--- START ---

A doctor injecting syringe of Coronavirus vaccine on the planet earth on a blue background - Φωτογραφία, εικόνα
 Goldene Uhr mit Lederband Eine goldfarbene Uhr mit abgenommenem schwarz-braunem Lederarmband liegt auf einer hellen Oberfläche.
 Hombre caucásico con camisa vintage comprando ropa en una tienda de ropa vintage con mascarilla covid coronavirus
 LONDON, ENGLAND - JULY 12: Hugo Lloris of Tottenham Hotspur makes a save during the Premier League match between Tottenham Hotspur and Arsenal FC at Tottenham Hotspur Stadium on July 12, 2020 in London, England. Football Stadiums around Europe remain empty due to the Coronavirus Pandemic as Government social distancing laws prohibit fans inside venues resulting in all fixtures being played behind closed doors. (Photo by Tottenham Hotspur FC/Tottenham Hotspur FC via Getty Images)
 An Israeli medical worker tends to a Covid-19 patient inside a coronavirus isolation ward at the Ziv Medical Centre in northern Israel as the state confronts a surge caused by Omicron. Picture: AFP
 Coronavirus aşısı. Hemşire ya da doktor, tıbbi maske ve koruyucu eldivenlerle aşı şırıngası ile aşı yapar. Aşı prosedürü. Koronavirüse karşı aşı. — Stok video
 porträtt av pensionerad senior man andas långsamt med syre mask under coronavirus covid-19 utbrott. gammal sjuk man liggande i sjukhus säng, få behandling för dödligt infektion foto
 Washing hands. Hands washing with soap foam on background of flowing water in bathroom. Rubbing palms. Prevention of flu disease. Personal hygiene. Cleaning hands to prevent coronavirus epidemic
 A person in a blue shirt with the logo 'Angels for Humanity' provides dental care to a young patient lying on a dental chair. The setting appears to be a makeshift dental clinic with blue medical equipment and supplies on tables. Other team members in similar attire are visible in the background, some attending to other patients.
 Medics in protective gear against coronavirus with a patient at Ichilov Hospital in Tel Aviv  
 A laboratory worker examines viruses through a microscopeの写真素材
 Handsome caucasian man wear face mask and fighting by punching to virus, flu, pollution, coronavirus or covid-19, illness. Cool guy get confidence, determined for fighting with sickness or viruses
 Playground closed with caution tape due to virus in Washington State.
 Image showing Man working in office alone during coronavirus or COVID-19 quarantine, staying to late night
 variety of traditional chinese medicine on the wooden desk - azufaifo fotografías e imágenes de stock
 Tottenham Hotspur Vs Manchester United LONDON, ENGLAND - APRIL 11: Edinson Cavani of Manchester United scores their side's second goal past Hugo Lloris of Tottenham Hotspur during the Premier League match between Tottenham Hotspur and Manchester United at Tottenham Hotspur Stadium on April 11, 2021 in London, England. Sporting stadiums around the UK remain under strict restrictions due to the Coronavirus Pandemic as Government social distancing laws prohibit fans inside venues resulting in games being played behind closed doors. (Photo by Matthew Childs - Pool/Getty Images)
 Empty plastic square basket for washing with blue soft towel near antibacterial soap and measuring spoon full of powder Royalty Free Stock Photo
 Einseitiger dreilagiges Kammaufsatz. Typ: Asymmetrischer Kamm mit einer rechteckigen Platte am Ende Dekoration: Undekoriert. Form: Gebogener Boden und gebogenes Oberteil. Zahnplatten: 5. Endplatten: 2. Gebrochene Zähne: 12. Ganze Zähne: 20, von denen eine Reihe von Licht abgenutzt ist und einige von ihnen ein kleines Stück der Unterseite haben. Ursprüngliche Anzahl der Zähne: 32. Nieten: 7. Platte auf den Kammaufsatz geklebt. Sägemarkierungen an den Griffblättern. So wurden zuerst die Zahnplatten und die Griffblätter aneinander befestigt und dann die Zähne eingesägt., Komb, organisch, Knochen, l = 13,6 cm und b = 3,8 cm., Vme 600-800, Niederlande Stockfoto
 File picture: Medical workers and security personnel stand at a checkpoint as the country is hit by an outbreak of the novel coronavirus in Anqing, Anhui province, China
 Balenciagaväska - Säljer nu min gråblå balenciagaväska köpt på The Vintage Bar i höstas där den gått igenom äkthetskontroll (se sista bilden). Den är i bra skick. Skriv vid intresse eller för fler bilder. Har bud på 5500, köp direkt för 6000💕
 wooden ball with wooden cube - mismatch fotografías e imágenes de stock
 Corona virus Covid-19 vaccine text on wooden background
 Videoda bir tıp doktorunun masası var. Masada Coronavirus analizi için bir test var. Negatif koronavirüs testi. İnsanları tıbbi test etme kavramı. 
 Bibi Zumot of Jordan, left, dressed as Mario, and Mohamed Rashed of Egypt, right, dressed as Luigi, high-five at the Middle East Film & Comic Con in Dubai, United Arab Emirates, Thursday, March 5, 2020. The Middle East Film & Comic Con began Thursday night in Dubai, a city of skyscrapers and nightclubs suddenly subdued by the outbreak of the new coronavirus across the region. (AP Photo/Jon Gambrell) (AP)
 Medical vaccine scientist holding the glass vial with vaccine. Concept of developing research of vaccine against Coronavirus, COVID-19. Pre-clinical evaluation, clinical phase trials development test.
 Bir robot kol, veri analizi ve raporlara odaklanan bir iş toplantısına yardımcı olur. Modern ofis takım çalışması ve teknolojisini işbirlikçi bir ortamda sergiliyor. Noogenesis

--- END ---

_Instructions for the task_: Looking at the data above, return every line from the one with "Corona virus Covid-19" down to the one with "Videoda bir tıp", exactly and inclusively.

_The completed task_:
 Corona virus Covid-19 vaccine text on wooden background
 Videoda bir tıp doktorunun masası var. Masada Coronavirus analizi için bir test var. Negatif koronavirüs testi. İnsanları tıbbi test etme kavramı. 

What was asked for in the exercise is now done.